We are usually too busy enjoying the toys we buy to waste time thinking about how they are made. However, every once in a while, doing so can reveal what an amazing enterprise toy-making was, and sheds light on the models themselves. What can we learn from the Dinky production process?
To Dinky, like all manufacturing enterprises, there were two important considerations which had to be kept in balance. Their toys had to be good enough to buy, yet cheap enough to produce. For the former, accuracy and robustness were the key. Accuracy was important because shortly after a World War and during a time of continued National Service, there were plenty of adults around who knew what contemporary army vehicles looked like, and plenty of children who wanted to emulate the exploits of the grown-ups.
To keep costs down, simplicity was the key. Dinky simplified production by reducing the number of parts and processes required, and as a by-product helped keep toys robust for play. And so, in the spirit of keeping things simple, let’s look at a typical but small army model – the Humber 1-ton cargo truck.
Humber 1-ton Truck
3,700 1-ton lorries were built by Humber in 1952-3 for the British Army, for use as light cargo trucks and radio vehicles. Most army trucks were commercial designs repurposed for military use (for example, the Bedford RL and the Antar tank transporter), which had the advantage of keeping costs down and allowing the basic vehicle to prove itself in civilian service. However, sometimes this made it difficult to meet some of the more exacting requirements of the military.
The Humber, on the other hand, was purpose-built for the army to an exacting military specification. For example, it not only had an excellent 4×4 cross-country performance, but incorporated the ability to ford through deep water, and could be dropped by parachute. As a result, although effective, it was an expensive and complex machine. This also led to reliability issues, and it was withdrawn from general service in the 1960s (though many were converted to armoured vehicles and saw service in security roles in Northern Ireland).
Dinky 641 Army 1-ton Cargo Truck
Year first produced:1954
L79xW34xH41, Metal 88g, Scale 1:60, Features: 2
Before considering how it was made, let’s take a close look at the model itself, and gain an understanding of the components that it consists of.
The main element of the model is a single mazak casting of the chassis, cab and body.
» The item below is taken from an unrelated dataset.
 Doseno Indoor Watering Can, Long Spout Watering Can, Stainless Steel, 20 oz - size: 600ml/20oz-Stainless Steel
It’s easy to see that this is likely to have been the most complex and costly part of the model, especially considering the complex shapes and detailing it incorporates.
Attached underneath the cab is a metal baseplate, carrying the embossed legend
“ARMY 1 TON CARGO TRUCK” & “641”
The remaining identification marks are on the underside of the mazak body.
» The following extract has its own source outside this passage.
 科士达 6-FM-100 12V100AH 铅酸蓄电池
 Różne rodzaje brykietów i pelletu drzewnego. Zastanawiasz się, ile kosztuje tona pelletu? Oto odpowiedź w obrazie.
Inside the cab are two elements which are, coincidentally, often useful in dating the models. The first is a driver, attached to a metal bracket, which is itself secured to the spigot projecting from the body casting that secures the baseplate. When the military range was first started, drivers were not fitted, but they were soon adopted as standard and models already in production modified to include them. Initially metal castings, towards the end of the range they were made of plastic. The Humber always came with a driver.
This model also incorporates another late addition, a plastic glazing unit for the windows. This is marked under the cab roof “1 TON ARMY”, presumably to identify it within the factory. Not all vehicles received glazing, but the Humber was enhanced with it towards the end of its production.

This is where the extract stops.